§ **Task instructions**
In your copy of the listing below, reproduce each word exactly and include no pictures.

§ **Given data**
^^^^^^^^^^^^^^^^

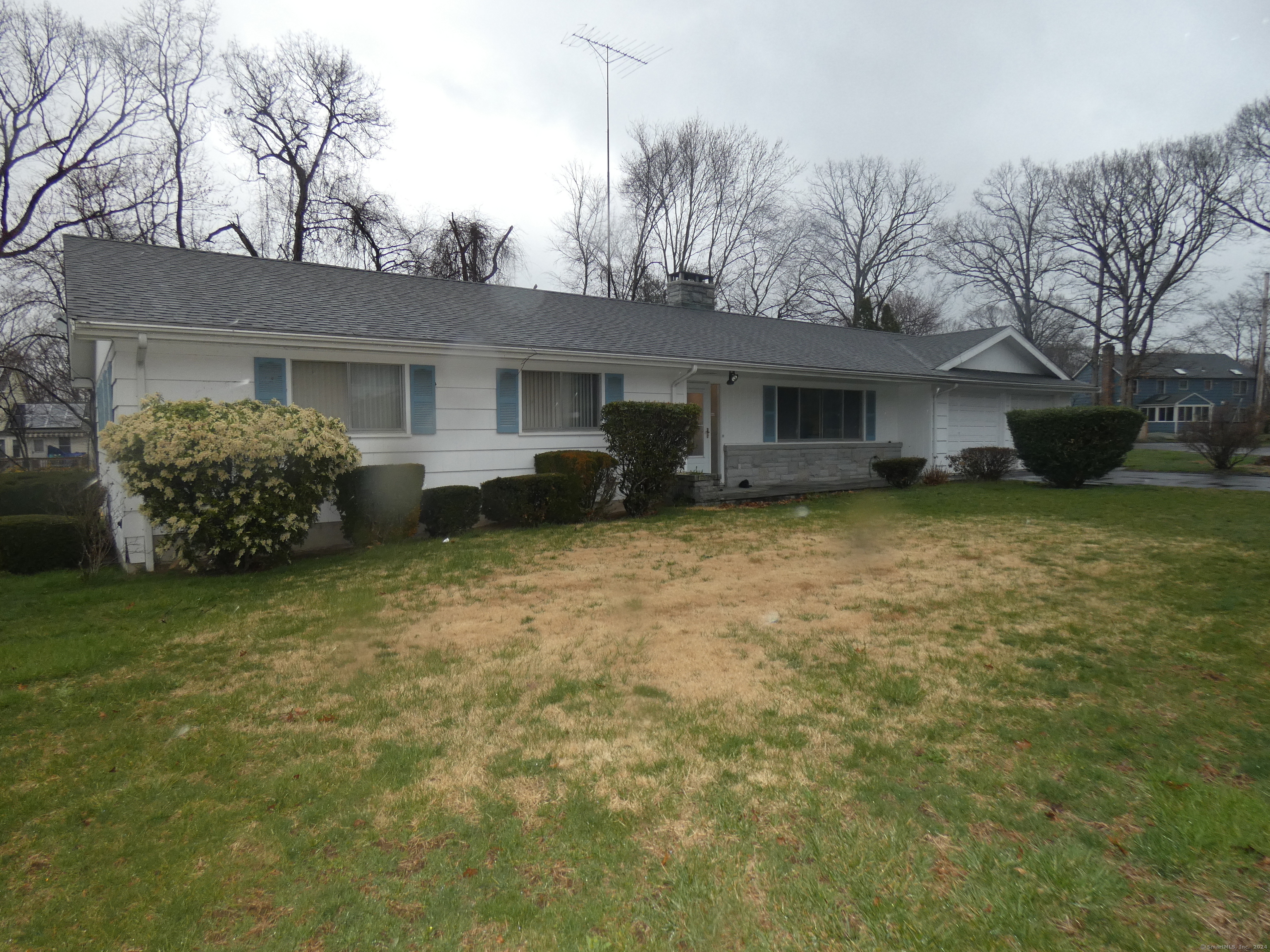160 Sun Ridge Lane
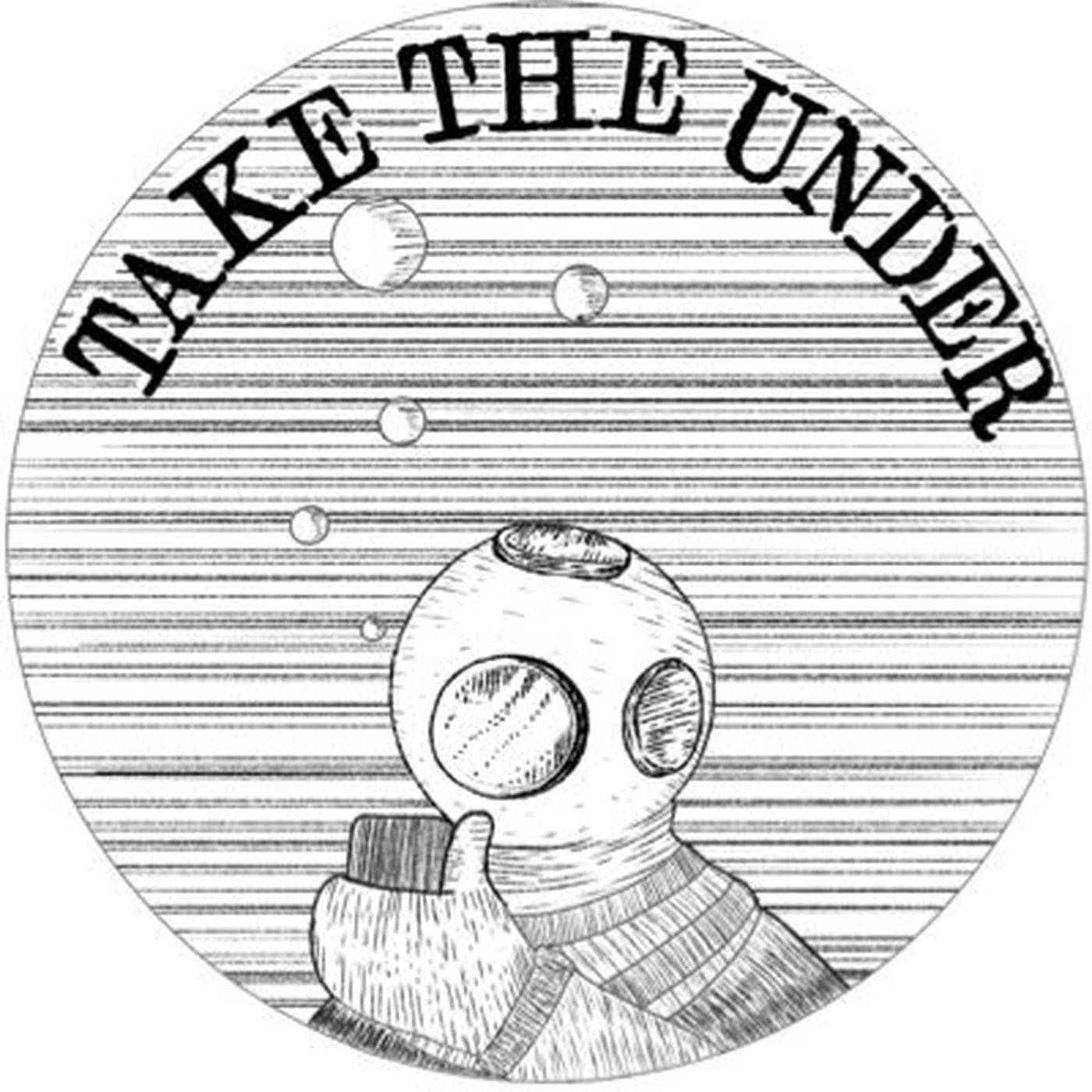 Take The Under 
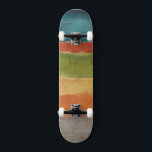 Skate Mesa Strata I<br><div class="desc">Home Décor</div>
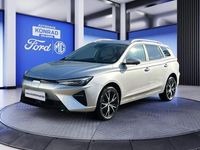 Gebraucht MG MG5 EV Luxury 130 kW (177 PS) 2022 Medal silver metallic Kombi
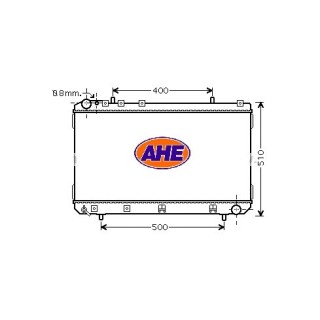 685117  R.KORANDO 23i/29TD MT 98-00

^^^^^^^^^^^^^^^^

§ **Completed exercise**
160 Sun Ridge Lane
 Take The Under 
 Skate Mesa Strata I<br><div class="desc">Home Décor</div>
 Gebraucht MG MG5 EV Luxury 130 kW (177 PS) 2022 Medal silver metallic Kombi
 685117  R.KORANDO 23i/29TD MT 98-00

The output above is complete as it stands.